Eine Sonderstellung im Mittelalter hat die Sprache der Theologie bzw. des religiösen Diskurses. Dieser prägt im Mittelalter auch andere benachbarte Bereiche: die Philosophie, die politische Theorie und sogar die Naturwissenschaften. Die Sprache der zentralen Faktoren Bibel, Liturgie, Patristik und der aktuellen theologischen Auseinandersetzungen beeinflusst dabei auch die Sprache anderer Bereiche. In diesem wichtigen Bereich des mittelalterlichen Lateins kommen bald konservative, bald innovative Sprachaspekte zum Zug. Innerhalb dieses breiten Spektrums bildete sich im reiferen Hochmittelalter die Latinität der sog. Scholastik heraus, die durch ihre Präzision den Bedürfnissen der Diskussionskultur an den Domschulen und Universitäten entgegenkam. Der sich allmählich ausbreitende Formalismus dieser Sprache und Denkart ist weitgehend verantwortlich für die Ablehnung, die das mittelalterliche Latein bei den Humanisten des 15. und 16. Jahrhunderts hervorgerufen hat.

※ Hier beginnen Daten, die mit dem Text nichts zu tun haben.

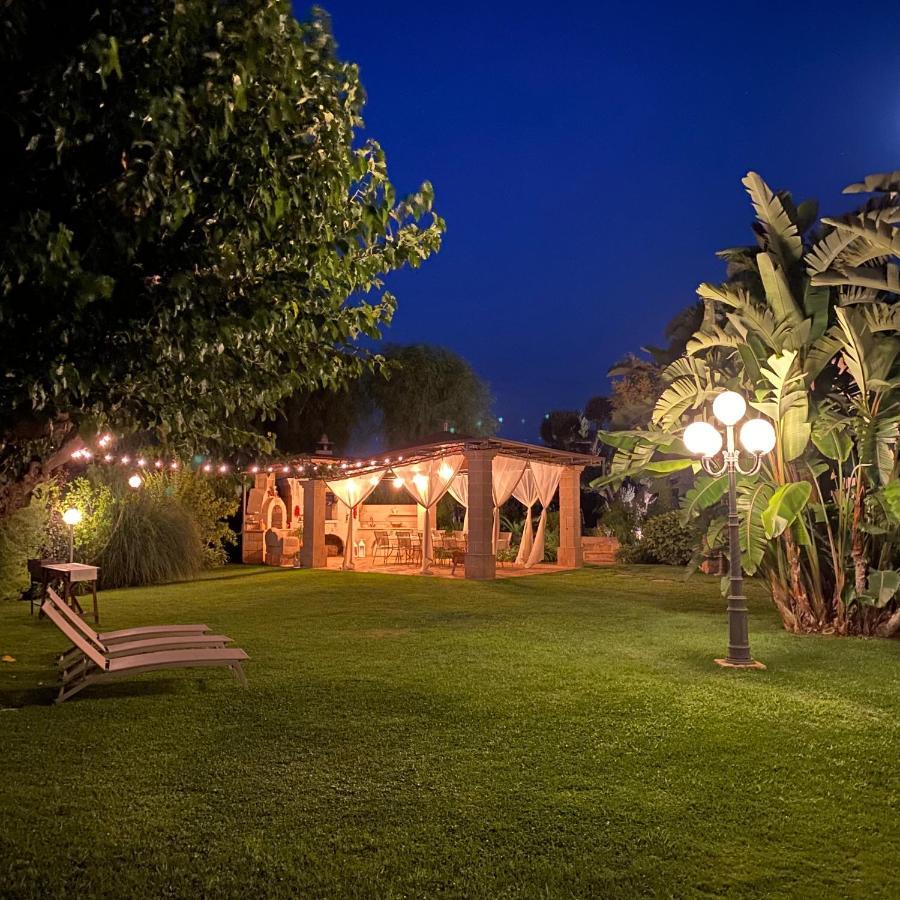 Masseria La Foggia Fasano Exterior foto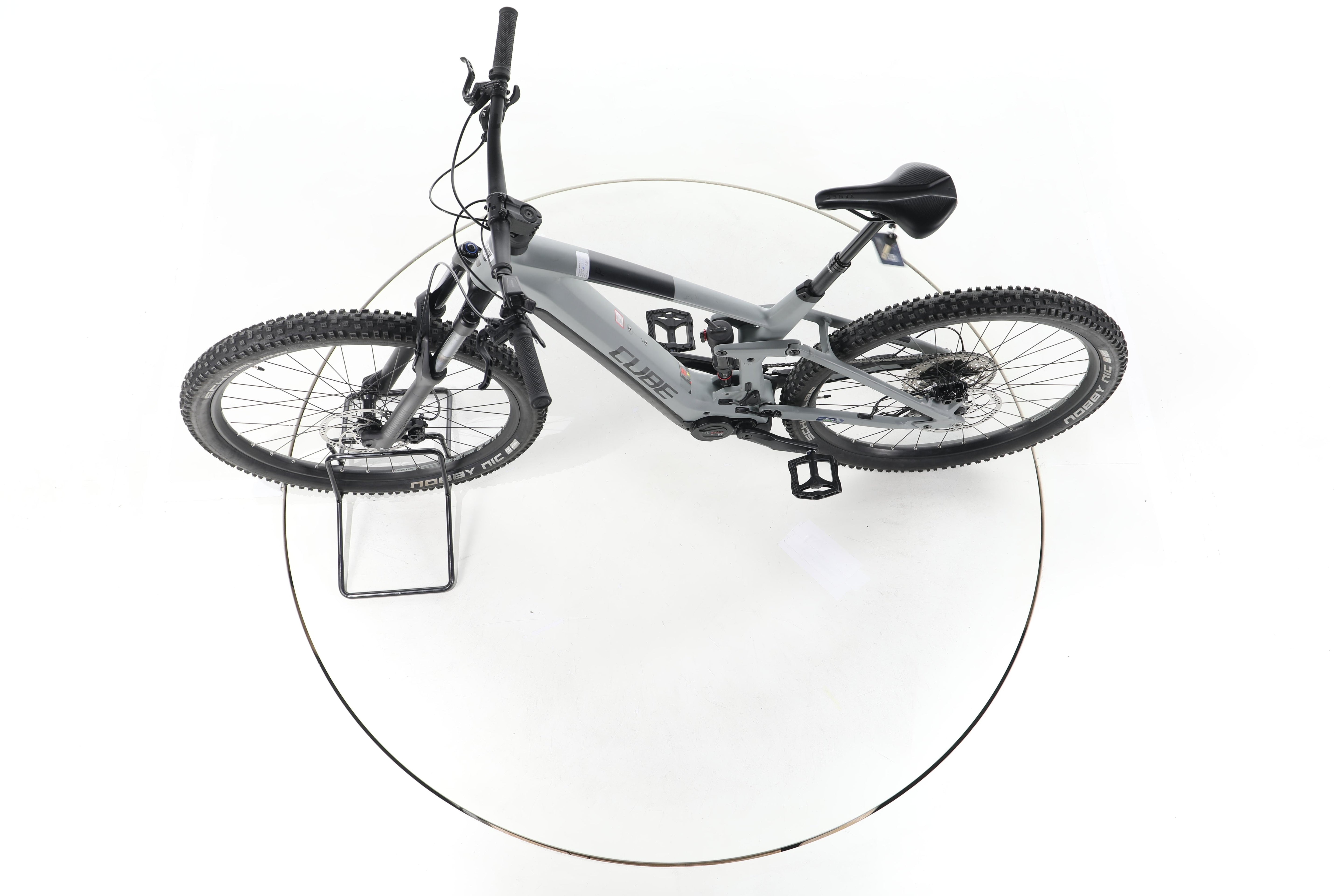 Cube Stereo Hybrid 140 HPC Pro Fully E-Bike Carbon - Image 19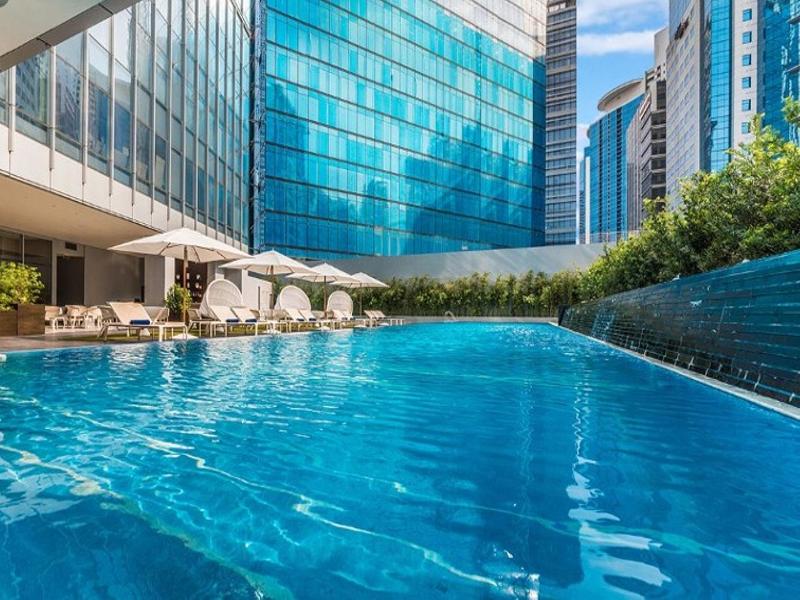 Photo of Ascott Bonifacio Global City Manila, 5-star hotel in Manila (and vicinity)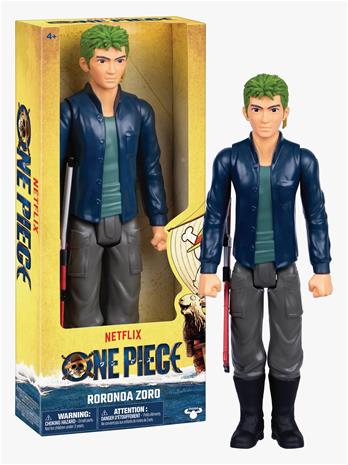 One Piece Large Action Figure - Zoro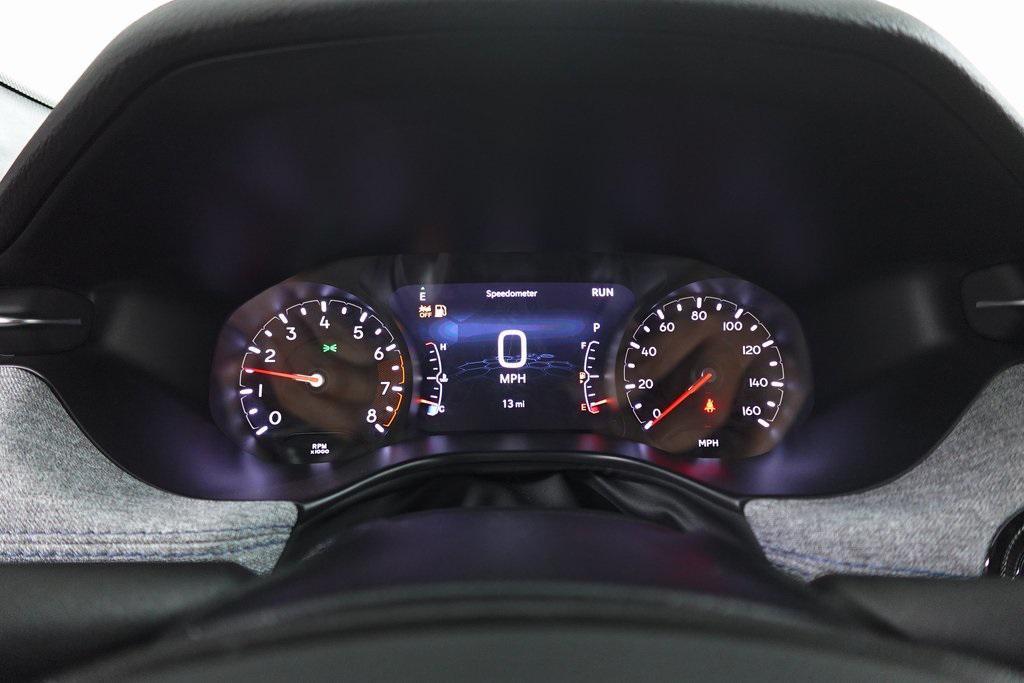 new 2026 Jeep Compass car, priced at $31,585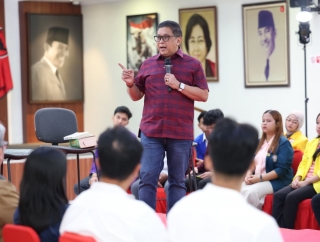 Gelar Forum 28 di Sekolah Partai, PDIP Fasilitasi Aspirasi Forum Intelektual ‘Public Pulse 28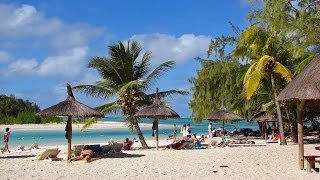 Amazing Île aux Cerfs  Island of dreams Mauritius HD [upl. by Silverman]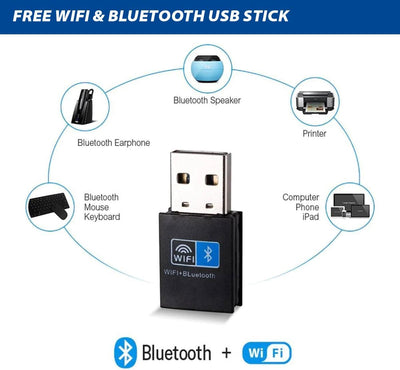 Intel i7 - Business Office Multimedia Computer mit 3 Jahre Garantie! | 32 GB RAM | 1000GB SSD | USB 3.0 | Windows 11 Prof. 64-Bit | WiFi 600 und Bluetooth 5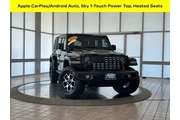 Jeep Wrangler Unlimited 2022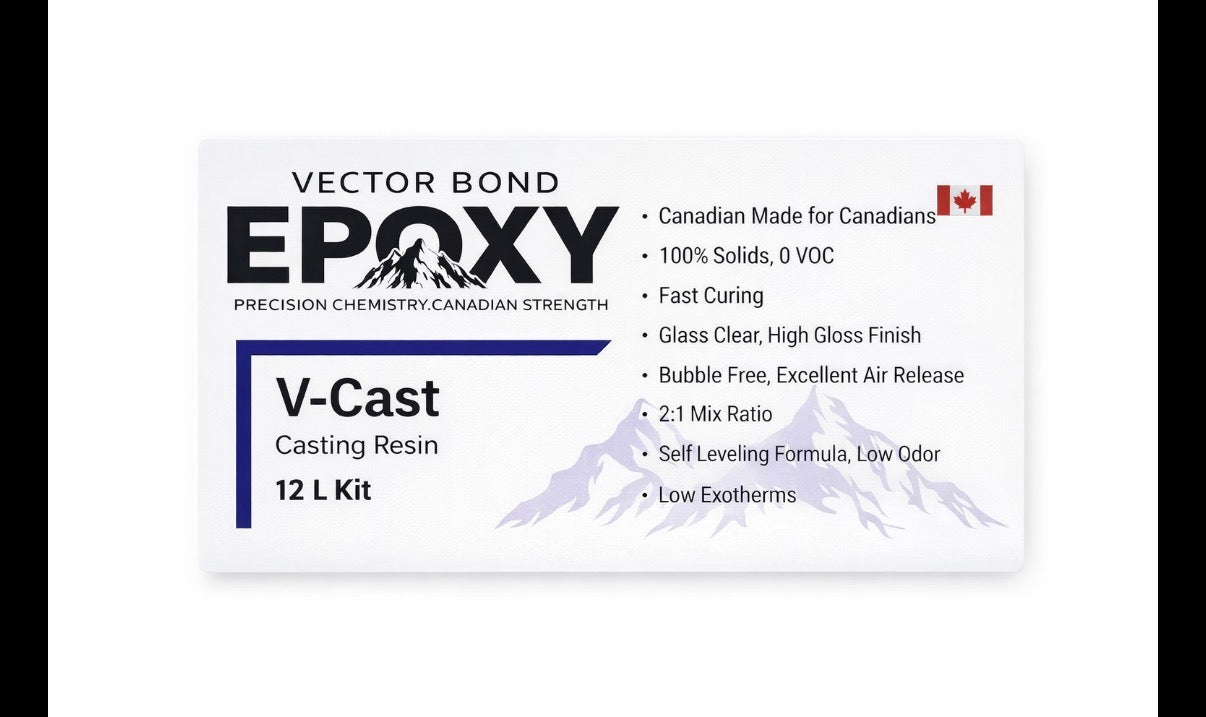 V Cast Vector Bond Epoxy - Kingma Lumber Edmonton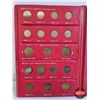 Image 5 : Republic of China Coin Album (37 Coins) : 1949 - 1979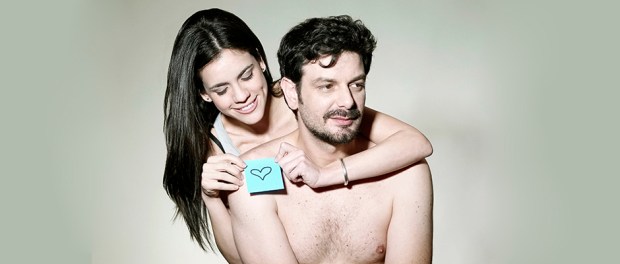 Alexandra Barandiarán, Luigi Monteghirfo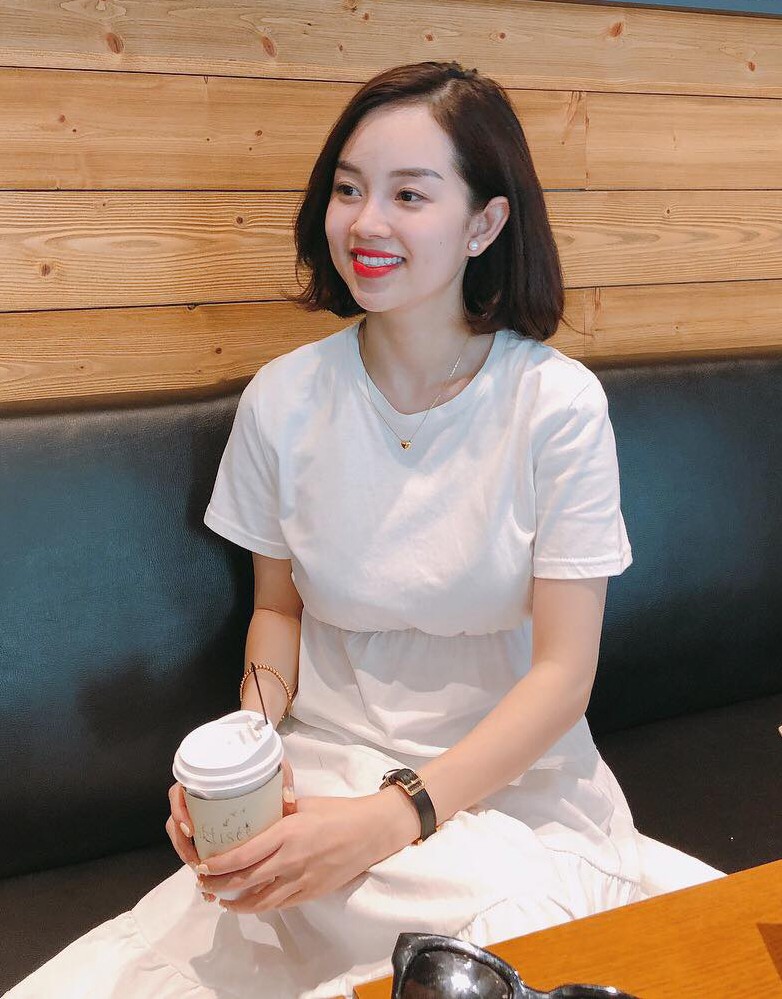 Đang hào hứng khoe mới cắt tóc ngắn liền bị anti-fan chê xấu hơn Ly Kute, Kỳ Hân lập tức đáp trả cực gắt-6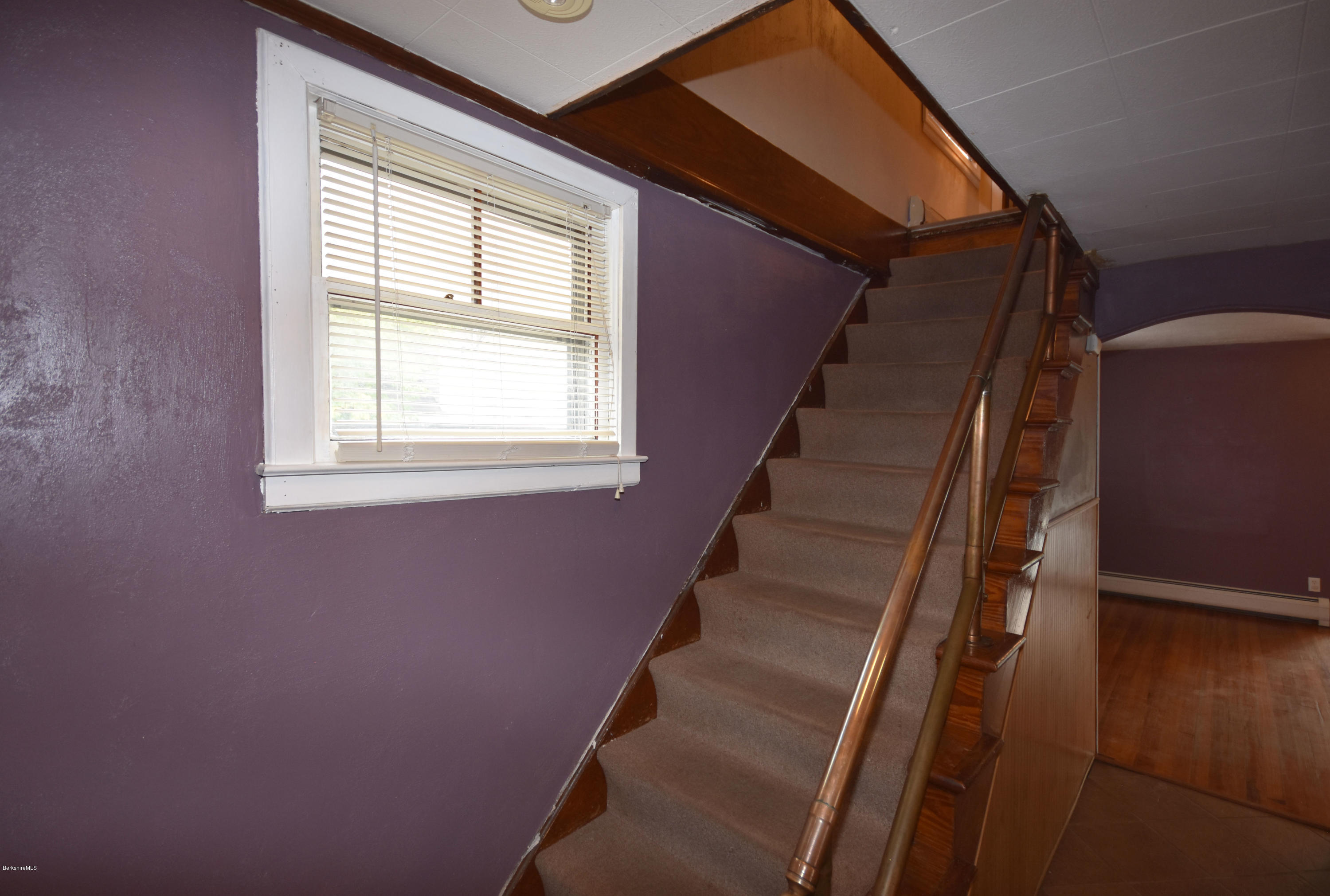41 Pecks Road Pittsfield, MA 01201 - Photo 20 of 47 Stair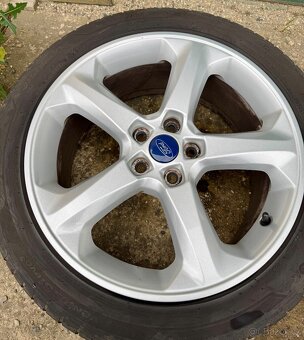 5x108 r18 Ford Mondeo - 5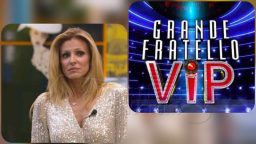 GF Vip 4 Adriana Volpe lascia la casa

Von den regionalen Ausprägungen des Lateins kann man am ehesten noch im Frühmittelalter reden. Bevor die regionale Differenzierung im sog. Vulgärlatein zur allmählichen Bildung der romanischen Sprachen führte, machte sich in einigen Gebieten Europas im Frühmittelalter, wenn auch viel weniger ausgeprägt, eine Differenzierung der lateinischen Schriftsprache bemerkbar: Es hat sich z.B. eingebürgert, die Sprache der merowingischen Urkunden als Merowingerlatein zu bezeichnen und die lateinische Sprache im keltischen Gebiet als Hibernolatein. Auch in diesen Fällen hat jedoch die neuere Forschung viele vermeintlich regionale Besonderheiten als allgemein vorkommende Erscheinungen erkannt. Die Unterschiede im Latein der Karolingerzeit und des Hoch- bzw. Spätmittelalters sind nicht primär regional bedingt. Daher lassen sich Texte aus dieser Zeit aufgrund sprachlicher Phänomene selten mit Sicherheit einer bestimmten Region zuordnen.